Re: BUG #18377: Assert false in "partdesc->nparts >= pinfo->nparts", fileName="execPartition.c", lineNumber=1943

Поиск
Список
Период
Сортировка
От Tender Wang
Тема Re: BUG #18377: Assert false in "partdesc->nparts >= pinfo->nparts", fileName="execPartition.c", lineNumber=1943
Дата
Msg-id CAHewXNnpxy6rMNvBGZpTdgLosNTpEmZOzth6_m57kcU3kE4kTA@mail.gmail.com
обсуждение исходный текст
Ответ на Re: BUG #18377: Assert false in "partdesc->nparts >= pinfo->nparts", fileName="execPartition.c", lineNumber=1943  (Tender Wang <tndrwang@gmail.com>)
Список pgsql-bugs


Tender Wang <tndrwang@gmail.com> 于2024年4月18日周四 20:13写道:


Alvaro Herrera <alvherre@alvh.no-ip.org> 于2024年4月9日周二 01:57写道:
On 2024-Mar-05, PG Bug reporting form wrote:

> #2  0x0000000000b8748d in ExceptionalCondition (conditionName=0xd25358
> "partdesc->nparts >= pinfo->nparts", fileName=0xd24cfc "execPartition.c",
> lineNumber=1943) at assert.c:66
> #3  0x0000000000748bf1 in CreatePartitionPruneState (planstate=0x1898ad0,
> pruneinfo=0x1884188) at execPartition.c:1943
> #4  0x00000000007488cb in ExecInitPartitionPruning (planstate=0x1898ad0,
> n_total_subplans=2, pruneinfo=0x1884188,
> initially_valid_subplans=0x7ffdca29f7d0) at execPartition.c:1803

I had been digging into this crash in late March and seeing if I could
find a reliable fix, but it seems devilish and had to put it aside.  The
problem is that DETACH CONCURRENTLY does a wait for snapshots to
disappear before doing the next detach phase; but since pgbench is using
prepared mode, the wait is already long done by the time EXECUTE wants
to run the plan.  Now, we have relcache invalidations at the point where
the wait ends, and those relcache invalidations should in turn cause the
prepared plan to be invalidated, so we would get a new plan that
excludes the partition being detached.  But this doesn't happen for some
reason that I haven't yet been able to understand.

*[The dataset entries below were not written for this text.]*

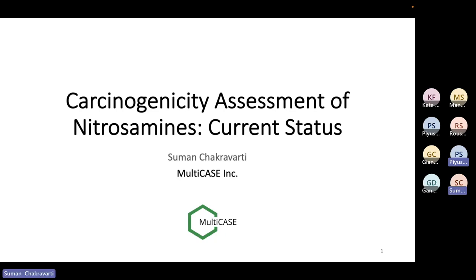Good afternoon, and it's a pleasure to be presenting on the very important topic of nitrosamines today. The way I thought about talking today is to give a brief general overview of nitrosamines, and then dive right into what is happening right now. There have been really important developments in this field of carcinogenic assessment of nitrosamines recently, within a few weeks. I would also like to talk about what Multicase has been doing so far and what we are going to do in future.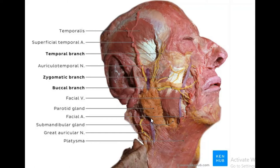Even though the deep lamina is thin, it has an important function: it creates the stylomandibular ligament, which runs from the styloid process to the posterior ramus of the mandible. So to recap: the parotid capsule is formed from the investing layer of deep cervical fascia, which splits into a thick superficial lamina and a thin deep lamina that forms the stylomandibular ligament.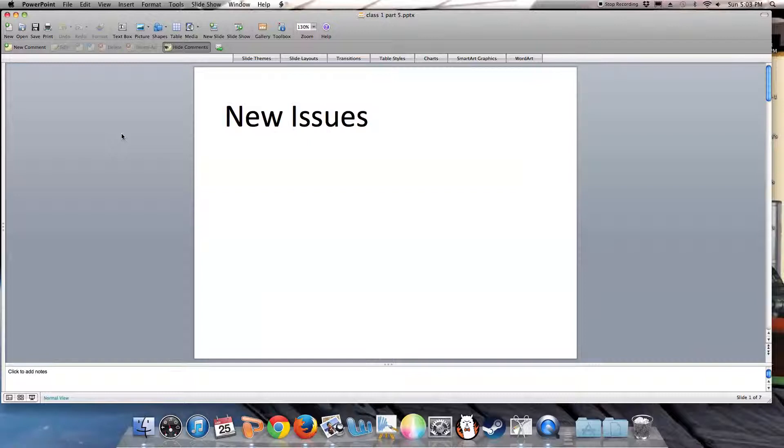We're going to wrap up our introductory lecture today with a discussion of the new issues that, as public health professionals, you are going to be facing in the course of your career.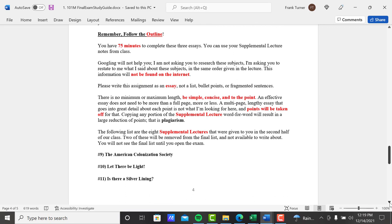You can use your supplemental lecture notes and the outlines from your class. Googling will not help you. I know I'm repeating myself that we went over this with the midterm, but a handful of people did that. So I'm trying to make it clear here. I'm not asking you to research these subjects. I'm asking you to restate to me or review to me what I said about these subjects in the same order given in the lecture. This information will not be found on the internet.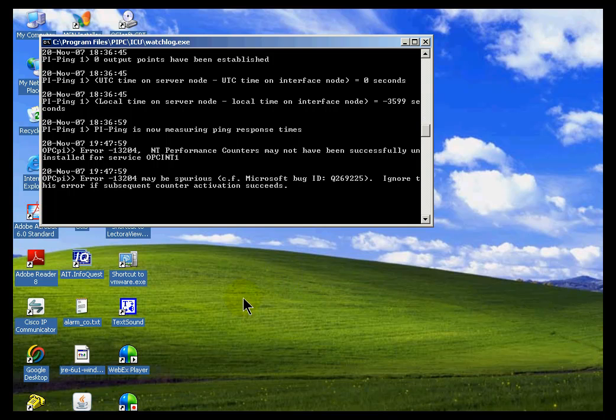Or, for example, if I start up or shut down a copy of ProcessBook, you would see those messages start up immediately.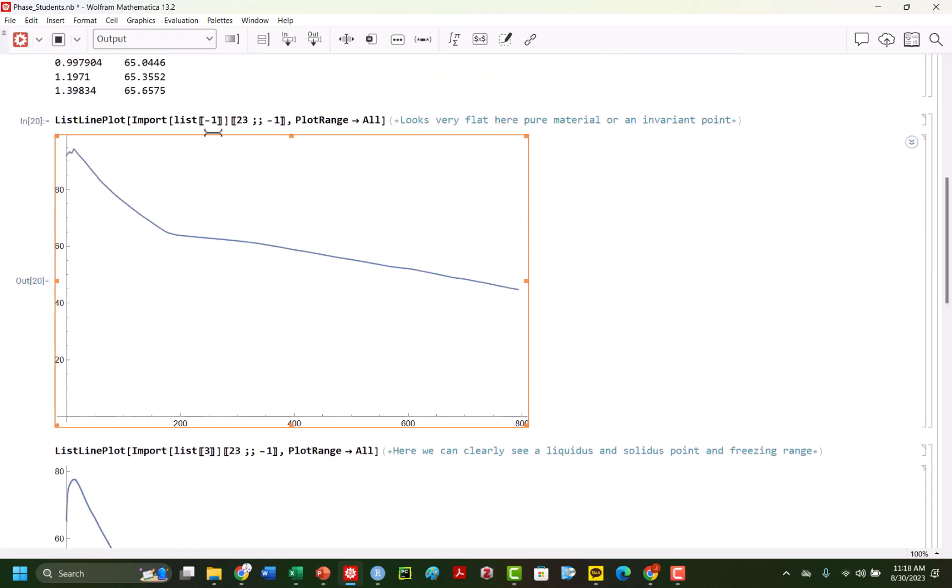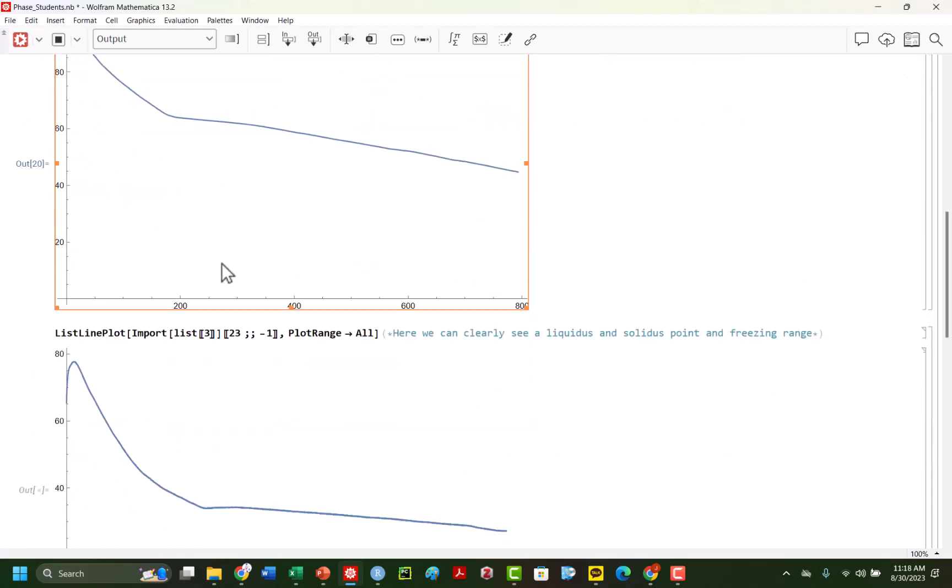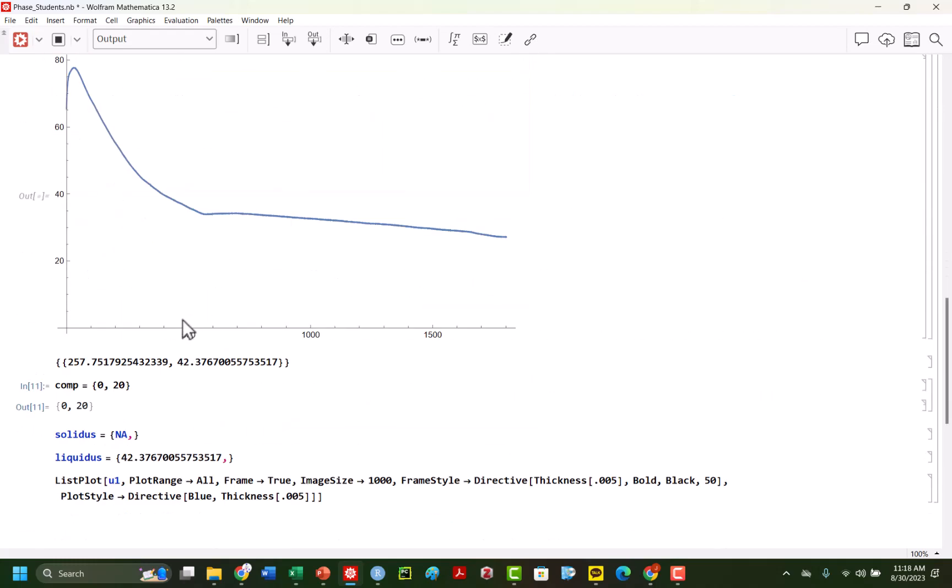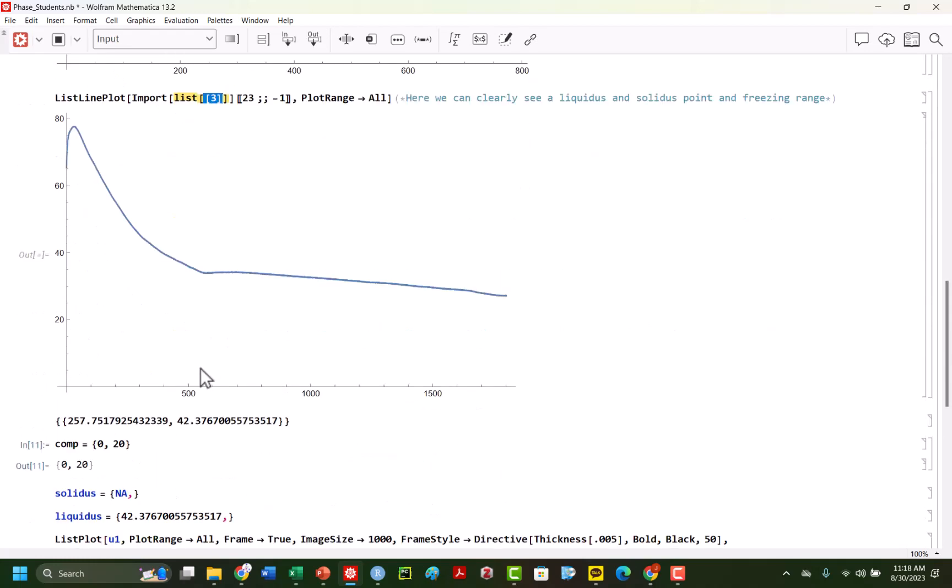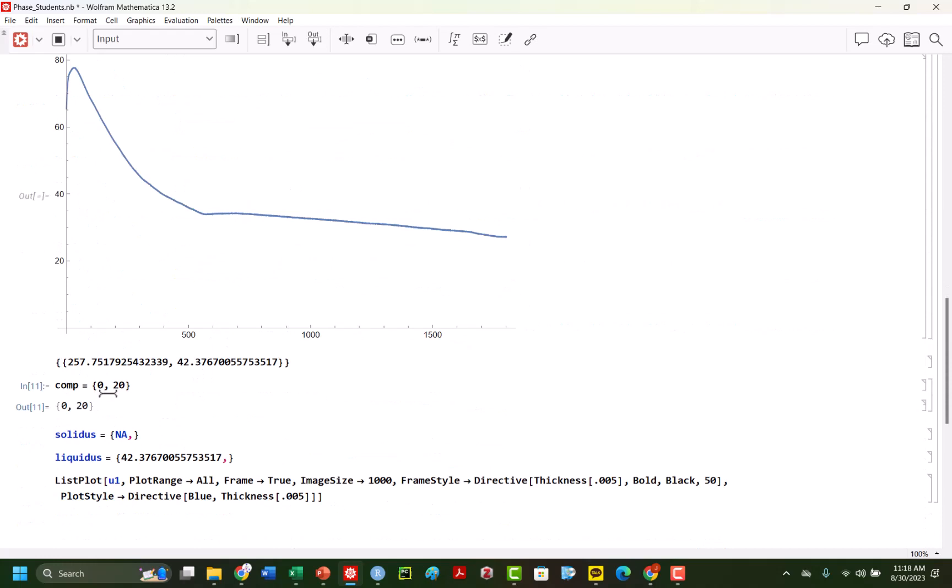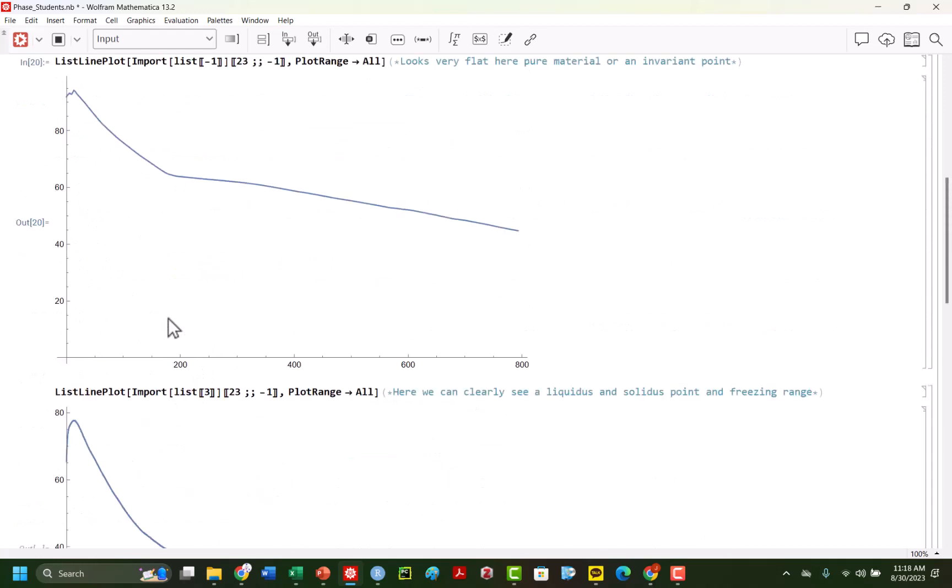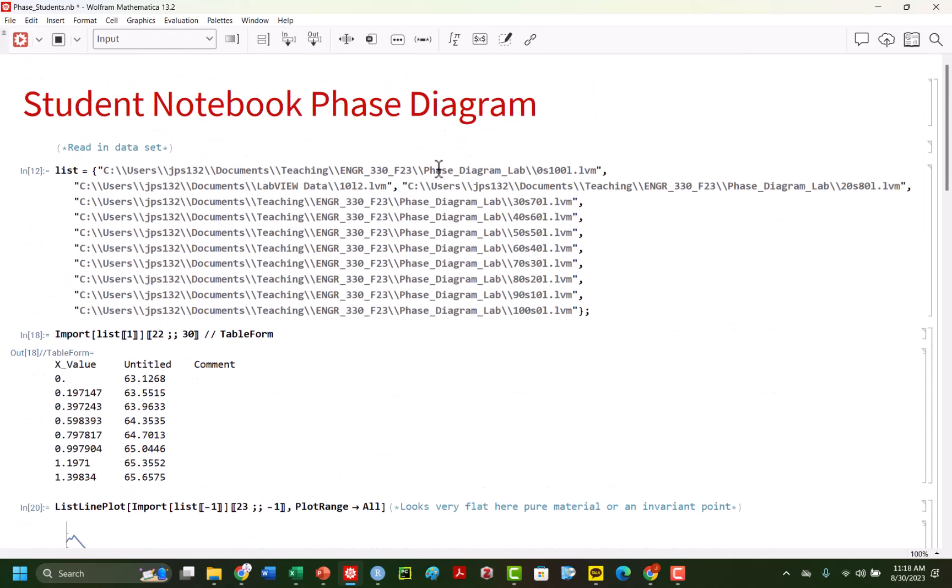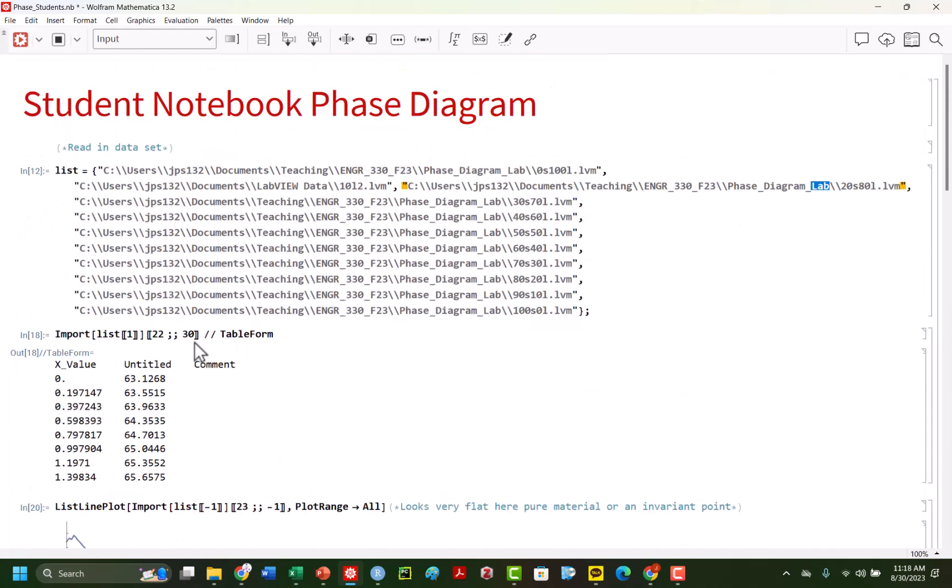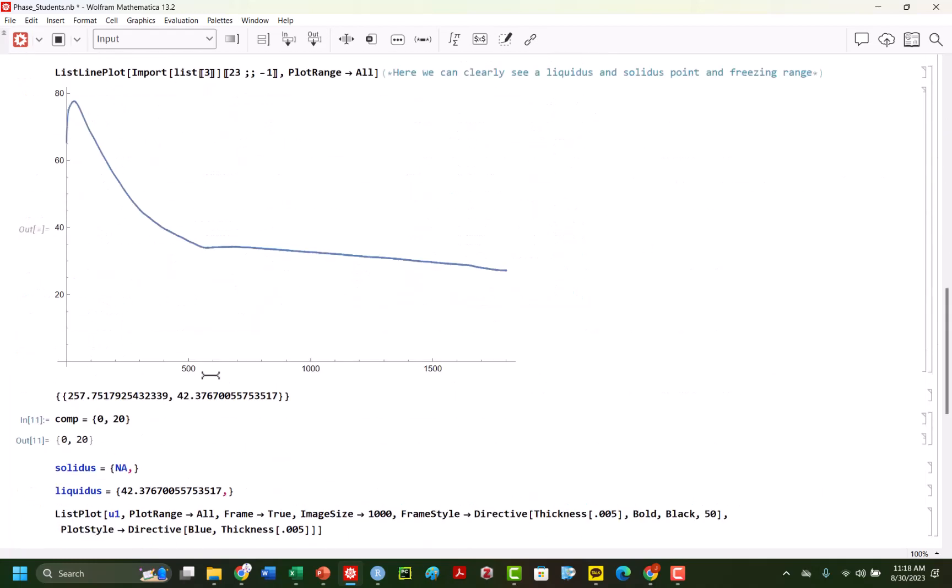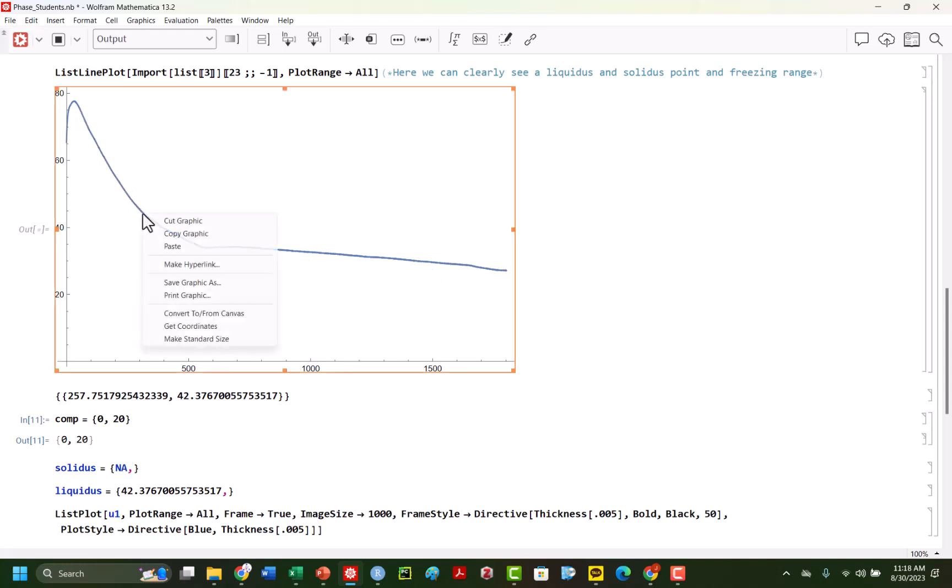for the pure materials, and then you'll have a surprise essentially for your invariant point. But here it's very, so for our third data set, which corresponds to our composition, again, you have 10 and then 20, 20% stearic. So this was 0% stearic. So we're increasing essentially stearic concentration. You see here, we have this period here. And now we have a clear change in slope for the freezing region here, and then that change to solid.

Still trying to find a proper fix.  In the meantime, not using prepared
plans should serve to work around the problem.

--
Álvaro Herrera         PostgreSQL Developer  —  https://www.EnterpriseDB.com/
"The ability of users to misuse tools is, of course, legendary" (David Steele)
https://postgr.es/m/11b38a96-6ded-4668-b772-40f992132797@pgmasters.net



I had been analying this crash these days.  And I added a lot debug infos in codes.
Finally, I found a code execution sequence that would trigger this assert, and I could
use gdb not pgbench to help to reproduce this crash.

For example:
./psql postgres  # as session1 to do detach, start first
in another terminal, start gdb(call gdb1)
   gdb -p session1_pid
   b ATExecDetachPartition

in session1,  input alter table p detach partition p1 concurrently;
now session1 will be stalled by gdb.

in gdb terminal, we input step next(e.g. n) until first transaction call CommitTransactionCommand().
wo stop at CommitTransactionCommand().

we start another session2 to do select.
input : prepare p1 as select * from p where a = $1;

we start a new terminal, start gdb(call gdb2)
    gdb -p session2_pid
    b exec_simple_query
in session2, input execute p1(1);
Now session2 will be stalled by gdb.

in gdb terminal, we step into PortalRunUtility(), after getting a snapshot, we stop here.
For session2, the transaction updating pg_inherits is not commited.
We switch to gdb1 terminal, and continue to step next until calling DetachPartitionFinalize().
Because session2 has not get p relaiton lock, so in gdb1, we can cross WaitForLockersMultiple().

Now we swithch to gdb2, and continue to do work. If we breakpoint find_inheritance_children_extended()
We will get a tuple that inhdetachpending is true, but the xmin is in-progress for the session2 snapshot.
So this tuple will be added to the outpue according to the logic. Finally we will get two parts.
After return from add_base_rels_to_query() in query_planner(), we switch to gdb1.

In gdb1, we enter DetachPartitionFinalize() and call RemoveInheritance() to remove the tuple.
We input command "continue" to do left work for the detach.

Now we switch to gdb2, breakpoint at RelationCacheInvalidateEntry(). We continue gdb2, and we will
stop at RelationCacheInvalidateEntry(). And we will see that p relation cache item will be cleared. 
The backtrace will be attached at the end of the this email.

Entering ExecInitAppend(), because part_prune_info is not null, so we will enter CreatePartitionPruneState().
We enter find_inheritance_children_extended() again to get partdesc, but in gdb1  we have done DetachPartitionFinalize()
and the detach has commited. So we only get one tuple and parts is 1.

Finally, we will trigger the Assert: (partdesc->nparts >= pinfo->nparts).


--
Tender Wang
OpenPie:  https://en.openpie.com/

Sorry, I forgot to put backtrace that call RelationCacheInvalidateEntry() in planner phase in last email.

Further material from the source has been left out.